As the New Haven Independent indicated prior to last year’s local competition, participants will “receive the three ‘elements’ that must be included in all 48 Hour Film Project submissions, which, completed, should be five to seven minutes in duration.”
The 48 Hour Film Project website explains that “in each city, at the Kickoff Event, we will draw a character, a prop and a line of dialogue out of a hat. These elements must appear in your film in some way. All teams will have the same required elements.”
According to a 48 Hour Film Project press release, “New Haven will be one of a record almost 125 cities worldwide — from Beijing to Lisbon — competing in the 48 Hour Film Project” this year.
The local competition will take place July 27-July 29, with screenings of submitted films scheduled for August 2 at the Whitney Humanities Center.
“The best films,” the above-mentioned press release indicates, “will screen again at the Dreamland International Film Festival in New Haven, October 18 – 20, 2012. The winners will then be in the running for top honors at Filmapalooza, the 48 Hour Film Project’s annual awards.”
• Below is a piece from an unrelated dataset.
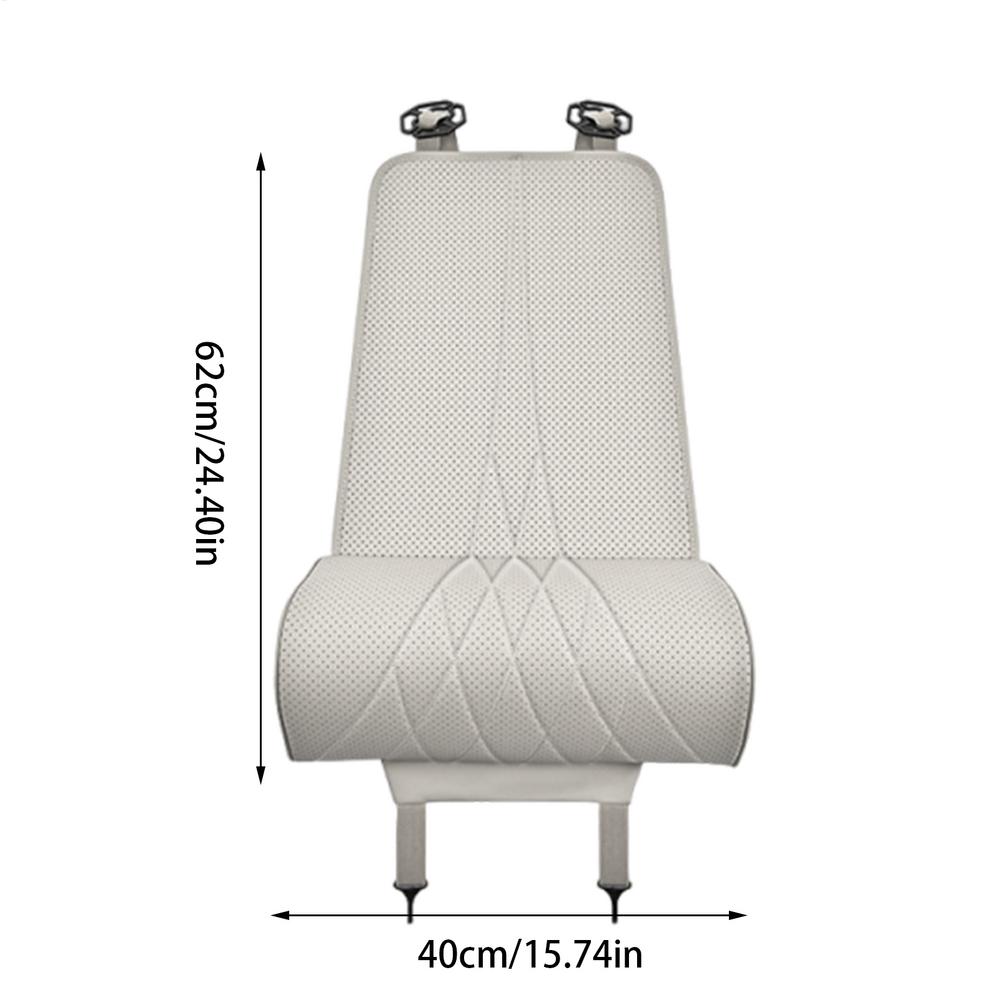 

Driver Leg Support Pillow Extension Pad Leather Car Seat Extender Cushion Memory Foam Auto Seat Knee Pads For Driver Leg Support белый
The 48 Hour Film Project website explains that “10 of the best films of the 2012 Tour will be screened at the Cannes Film Festival’s Short Film Corner in 2013.”
Patricia Clark, who produces the local competition for the 48 Hour Film Project, said in an e‑mail that “in 2011, nearly 40,000 filmmakers made 3,000 films in over 100 cities on five continents.”
Last year, Michal Trzaska won the 48 Hour Film Project’s New Haven competition for Objects of Time, which Clark said, in a telephone conversation, was “definitely a high-quality short … film” that did not seem like it had been conceived and created in a weekend. Trzaska’s film, which he put together with a team called Clear Lens, went on to be screened at the 2012 Taos Short Filmz Fest, where Filmapalooza 2012 was held.
Filmapalooza 2013, at which the winning films from the 2012 48 Hour Film Project will be screened, will take place in Hollywood, Calif., Clark said.
The 48 Hour Film Project, Clark said, offers aspiring and ascendant filmmakers “exposure to some of these film festivals that (they) would (otherwise) never be able” to get into.
Now in its 12th year, the Washington, D.C.-based 48 Hour Film Project has expanded in scope and with regard to discipline. The 48 Hour Music Video Project is now in its second year.
As of Wednesday, Clark said one local team had already registered to participate in this year’s 48 Hour Film Project. Last year, she said, nine teams of filmmakers — five of which were groups of area residents — participated in New Haven.
The kickoff event for this year’s competition will be held on July 27 at the Outer Space in Hamden, which is also where participating filmmakers will submit their work on July 29.